Combinatorics and the structure of finite sample spaces
For finite sample spaces, classical probability reduces to counting. The two combinatorial workhorses are permutations (where order matters) and combinations (where it does not). The 1,326 distinct two-card hands in a 52-card deck come from C(52, 2) = 52 × 51 / 2. The 64 "blackjack" hands come from 4 aces × 16 ten-cards. The probability of being dealt a blackjack is therefore 64 / 1326, just under 5%. Every classical-probability answer is a fraction whose numerator and denominator are both counting problems.
This is why combinatorics and probability are usually taught in the same topic: once the sample space is specified, the calculation reduces to enumeration. The bookkeeping can be elaborate — multi-stage experiments, conditional sub-spaces, sampling with and without replacement — but the underlying move is always the same: count the favorable outcomes, count the total, divide.
Probability as a quantitative lens for general reasoning
In The Great Mental Models, Volume 3, probability appears not as a calculation tool but as one of nine quantitative shapes the mind should learn to recognize. Alongside compounding, regression to the mean, the destructive power of multiplying by zero, and the topography of distributions, probability is treated as an intuition to be installed — a default lens for situations where the numbers are messy, missing, or unreliable.
The argument is that most reasoning errors are quantitative errors wearing other disguises. When you confuse an anecdote for evidence, you are misusing the implicit sample. When you mistake a hot streak for permanent improvement, you are forgetting regression to the mean. When you assume that ten years of preparation will pay back linearly, you are missing compounding. People who appear to be unusually good with numbers are rarely faster at arithmetic — they are faster at recognizing which shape a situation has, and therefore which quantitative intuition applies. Probability, in this framing, is less about computing the chance of an event than about noticing when a problem is governed by chance in the first place.
Distributions, expectations, and the law of large numbers
Once probabilities are attached to outcomes, random variables turn outcomes into numbers and distributions describe how those numbers spread. The headline distributions — binomial for counts of successes, Poisson for counts of rare events in time, normal for sums of many small independent contributions — are the workhorses behind nearly every applied use of probability, from quality control to clinical trials to financial risk models. The expected value of a random variable is its long-run average weighted by probability; the variance measures how spread out it is around that average.

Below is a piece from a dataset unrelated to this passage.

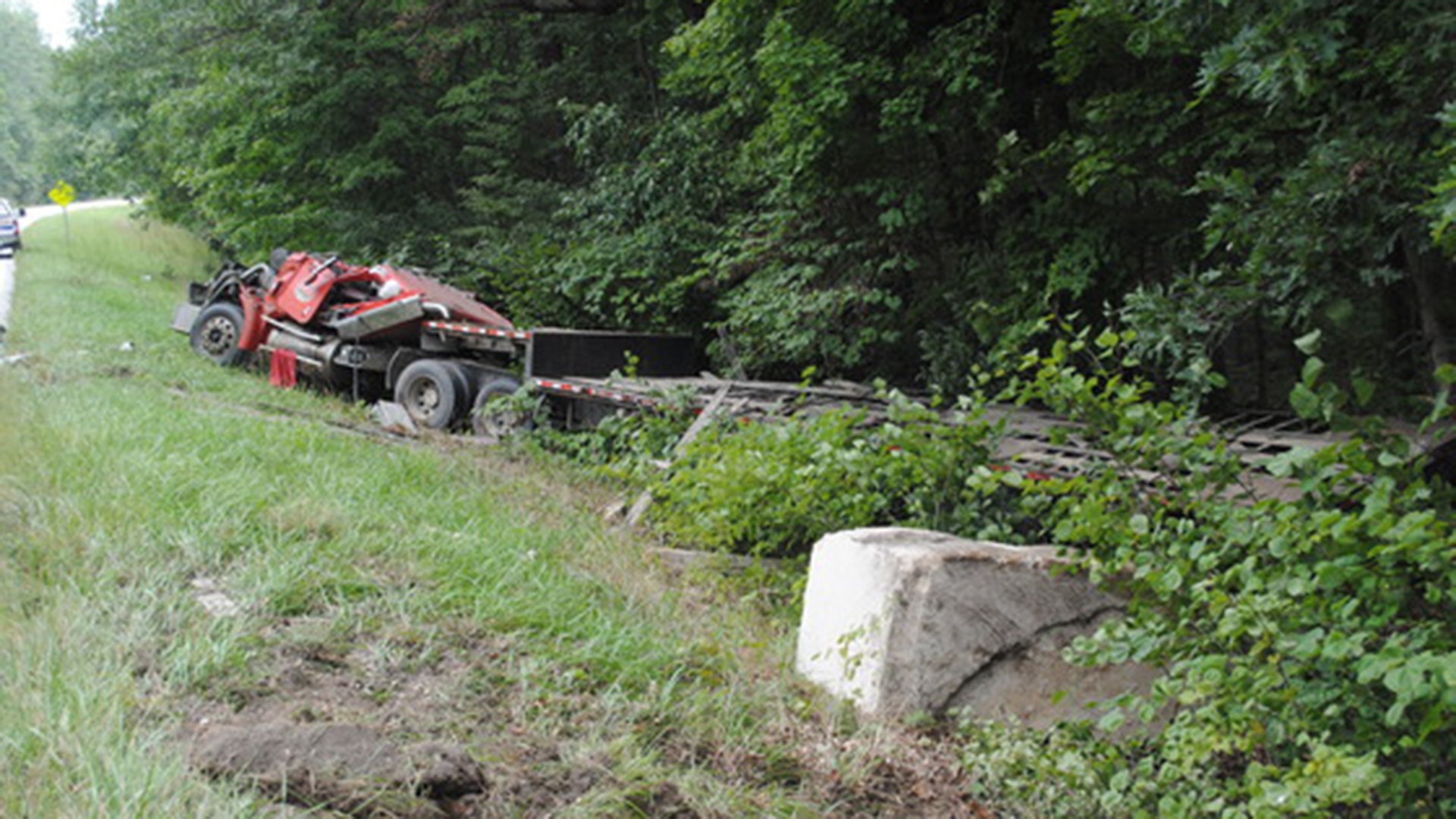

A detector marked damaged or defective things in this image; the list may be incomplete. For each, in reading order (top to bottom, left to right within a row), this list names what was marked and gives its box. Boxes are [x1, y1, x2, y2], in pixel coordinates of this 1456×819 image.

The law of large numbers says that as the number of independent trials grows, the observed average converges to the expected value — which is why insurance works, why casinos profit from house edges over time, and why one experiment is rarely enough to settle a scientific question. The central limit theorem says that the sum of many small independent random contributions is approximately normally distributed, which is why the bell curve appears everywhere from measurement errors to heights of trees to test scores. Together these two results form the bridge from probability (reasoning forward from models to data) to statistics (reasoning backward from data to models).